Tight control of active learning update frequency

Hi Prodigy team,

Background: Given some unexpected behaviour early in the labelling and training process, I am wondering how to tightly control the frequency with which the update callback is triggered in an active learning situation, e.g. that governed by the ner.correct recipe with update enabled.

Details: I am using Prodigy to design custom active learning workflows for NLP labelling and training tasks, specifically focussing on an NER task. In my current setup, I'm using a local model (e.g., the model underlying the en_core_web_md pipeline) to learn incrementally from human-corrected labels. My goal here is to enable quick, high-quality training through a direct interplay between human input and the model's suggestions.
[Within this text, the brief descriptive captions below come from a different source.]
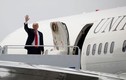 Video: Ông Trump lại bị chê "tơi tả" vì vứt ô trước cửa Không lực một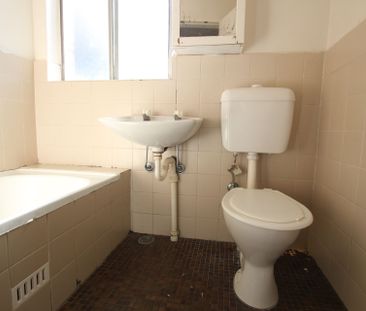Tiles and Timber Flooring throughout - Photo 6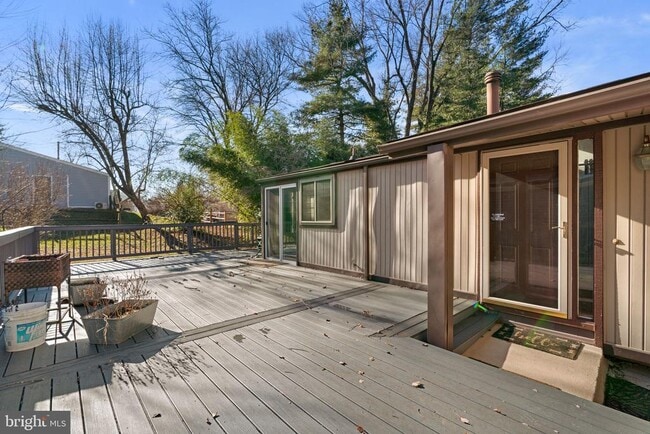 Photo - 9317 Farewell Rd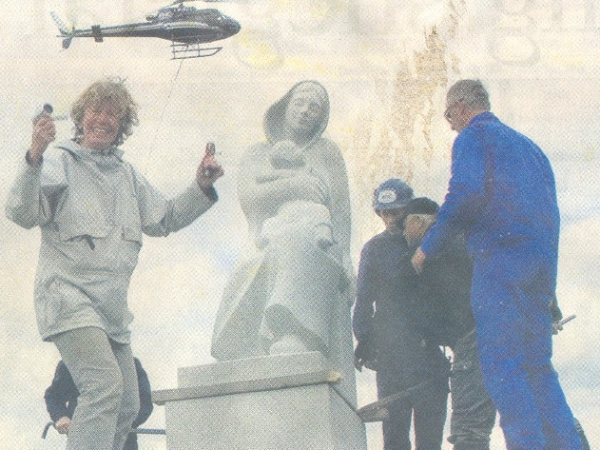 Tượng Madonna điêu khắc tại Việt Nam và trưng bày ngoài trời ở Na Uy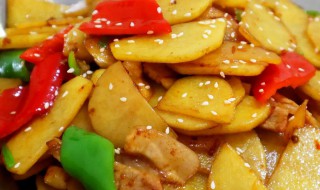 肉炒油炸土豆片圆菜青椒西红柿的做法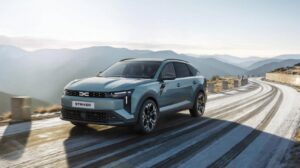 Dacia Striker: Primele imagini cu noul crossover hibrid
I have begun by very slightly modifying the open source version of your ner.correct recipe, like so:

import copy
from typing import List, Optional
import spacy
from spacy.training import Example
import prodigy
from prodigy.components.loaders import JSONL
from prodigy.components.preprocess import add_tokens, split_sentences
from prodigy.util import split_string, set_hashes


BATCH_SIZE = 10


def make_tasks(nlp, stream, labels):
    """Add a 'spans' key to each example, with predicted entities."""
    # Process the stream using spaCy's nlp.pipe, which yields doc objects.
    # If as_tuples=True is set, you can pass in (text, context) tuples.
    texts = ((eg["text"], eg) for eg in stream)

    print("function `make_tasks` is iterating through DOCS")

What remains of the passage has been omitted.